Response 1: We sincerely thank the reviewer for the constructive and encouraging feedback on our work. In the revision, we have carefully addressed the concerns raised. Specifically, in Section 4.2(Page 6)  we have refined and streamlined several mathematical expressions to improve clarity and accessibility. In Section 5.2(Page 10) we have added iTransformer as a strong recent baseline, which further demonstrates the competitiveness of SM-TCN against state-of-the-art methods. Moreover, in Section 5.4(Page 13) we included visual illustrations on the Weather dataset as a practical case study to highlight the interpretability and applicability of our model. In addition, we have optimized the textual presentation throughout the paper to enhance readability. We believe these revisions substantially strengthen the manuscript and address the reviewer’s suggestions.

 

Author Response File: Author Response.pdf

Reviewer 3 Report

Comments and Suggestions for Authors

The authors propose an ML model (SM-TCN) that is designed for high-dimensional time series forecasting. Following are my comments:

  1. Many components are adaptations of existing ideas (N-BEATS residual stacking, sparse CNNs, pruning + attention). The integration is valuable but may be seen as incremental rather than fundamentally novel. Further, claims of being the "first" to combine these techniques are overstated without a stronger theoretical justification. How does SM-TCN compare conceptually with N-BEATS, SCINet, or graph-based approaches? Can you better articulate the unique theoretical advance beyond integrating known modules?
  2. Sparse convolution approximations (Eqs. 3–7) are heuristic; no theoretical guarantees or error bounds are provided. What are the error guarantees for the low-rank approximation in Eqs. (3–7)? Further, the continuity loss is presented without a rigorous justification of its link to trend/seasonality decomposition. How sensitive is performance to different sparsity levels (beyond 30–50%)?
  3. How do results change with different betas values in Eq. (8)? Does the continuity term oversmooth abrupt events (eg. financial crises and pandemics)?
  4. Some improvements over ARM and PatchTST are small; no statistical significance tests are reported. Please provide statistical significance tests for differences with baselines. Further, comparisons omit competitive baselines (eg. SCINet, TiDE and STGNNs). Why were recent high-dimensional methods like SCINet, TiDE, or STGNNs omitted? Furthermore, efficiency claims lack FLOPs, runtime or GPU memory metrics. Can you include computational benchmarks (training time, inference time, FLOPs and GPU memory)?
  5. Visualisations (attention weights and sparse kernels) are descriptive but do not demonstrate actionable interpretability for practitioners. No example shows how decomposition reveals meaningful seasonal or causal patterns. Can you provide decomposition examples where trends/seasonalities align with known domain knowledge? How should practitioners interpret the sparse kernel structure in decision-making contexts?
  6. Dataset preprocessing (normalisation, missing value handling and train/test splits) is not fully described. Further, no mention of open-source code, which is critical for reproducibility given custom sparse convolutions and pruning methods. What preprocessing steps were applied to datasets (scaling, missing values and splits)?

Author Response

Comments 1: Many components are adaptations of existing ideas (N-BEATS residual stacking, sparse CNNs, pruning + attention). The integration is valuable but may be seen as incremental rather than fundamentally novel. Further, claims of being the "first" to combine these techniques are overstated without a stronger theoretical justification. How does SM-TCN compare conceptually with N-BEATS, SCINet, or graph-based approaches? Can you better articulate the unique theoretical advance beyond integrating known modules?

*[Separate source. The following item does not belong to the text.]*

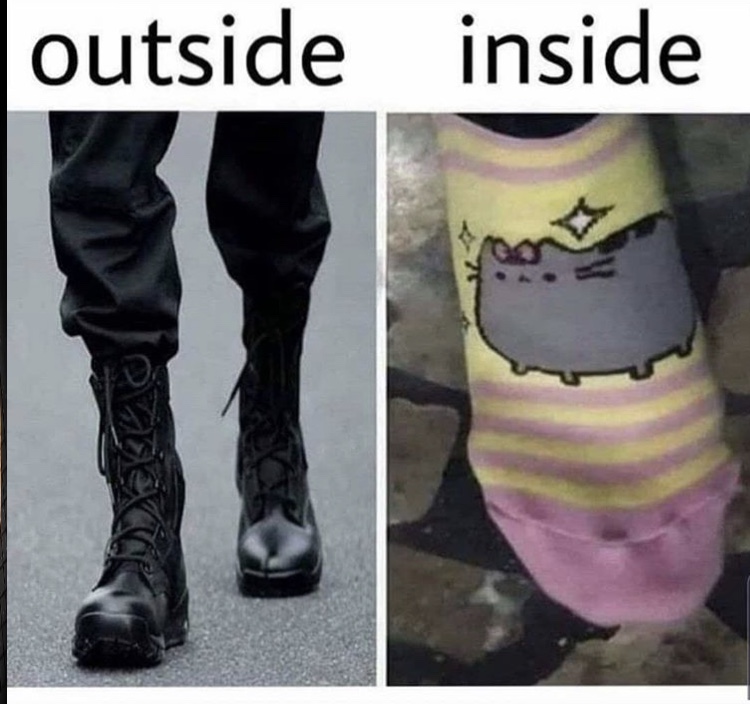 pusheen socks meme - outside inside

Response 1: We sincerely thank the reviewer for this thoughtful and constructive comment. We fully understand the concern regarding the degree of novelty and appreciate the opportunity to clarify our contributions more carefully. Our contribution is not a simple aggregation of modules but the way a single temporal-convolutional backbone jointly couples three mechanisms so they play distinct roles: sparse cross-channel convolutions encode inter-series dependencies with low compute; dilation provides in-place multi-resolution without resampling; and a light continuity regularizer stabilizes the decomposition when sparsity is high.

To substantiate this, the revised ablations show that removing any one of these elements consistently harms either accuracy (relative to the full model) or efficiency (relative to dense kernels), indicating complementarity rather than mere stacking.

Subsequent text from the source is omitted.